魏先生饒有興緻地發覺,高昌濟,仿佛在進行某種宣誓效忠的儀式一樣,開始虔誠地對着阿遙守身如玉起來。
這可真是奇了!
魏先生覺得自己已經不算年輕,但還是開了眼。
在阿遙出現以前,高昌濟夜夜都是要和下女們歡鬧不休的;自阿遙出現以後,高昌濟成了一個在火炕上輾轉反側的光棍漢。
這在下女們中間産生了紛紛的議論,大家都不由得好奇阿遙在床上使出了什麼樣的招數。
就連魏先生也不由得覺得蹊跷起來,再一次想起了高昌濟形容阿遙“長牙帶刺”,到底是怎麼一種情形呢?

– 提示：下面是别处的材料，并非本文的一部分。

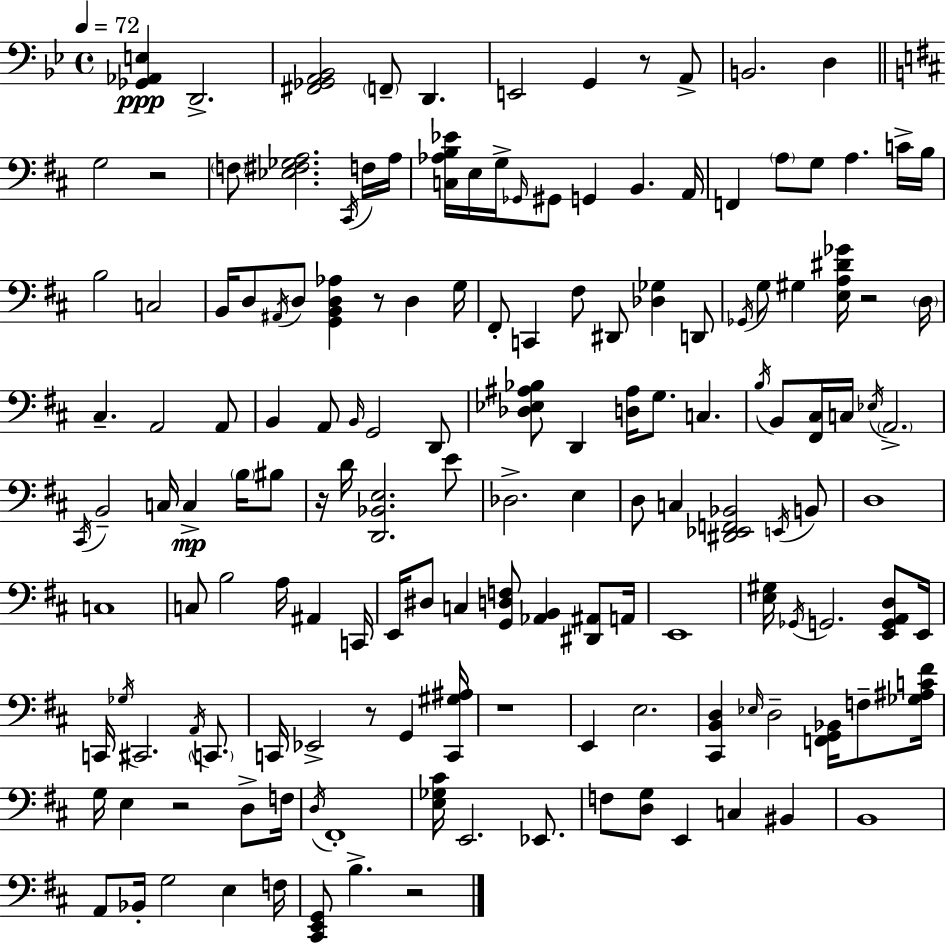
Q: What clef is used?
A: bass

而在高昌濟這邊,他并非自願主動地突然覺醒了自愛的品德和情操,完全是出于“非不為也,實不能也”的無奈。
但這無奈又沒法開口明說,他日夜煎熬着,實在是忍無可忍了,氣勢洶洶地在衆目睽睽之下沖到正在搓洗床單的阿遙身邊,伸出手一把攥住了阿遙的手臂,然後跟拎一隻孤鳥一般,不費吹灰之力地把阿遙雙腳離地地一路拎到了自己的房間裡,手一抖,就把阿遙扔到了火炕上。
阿遙因為足踝磕在了炕沿上,痛苦地眯起了眼睛,沒有第一時間對高昌濟破口大罵。
高昌濟手足并用地爬到火炕上,大狗似的四腳着地跪在阿遙身邊,壓低了聲音惡狠狠地質問道:“你到底對我做了什麼!”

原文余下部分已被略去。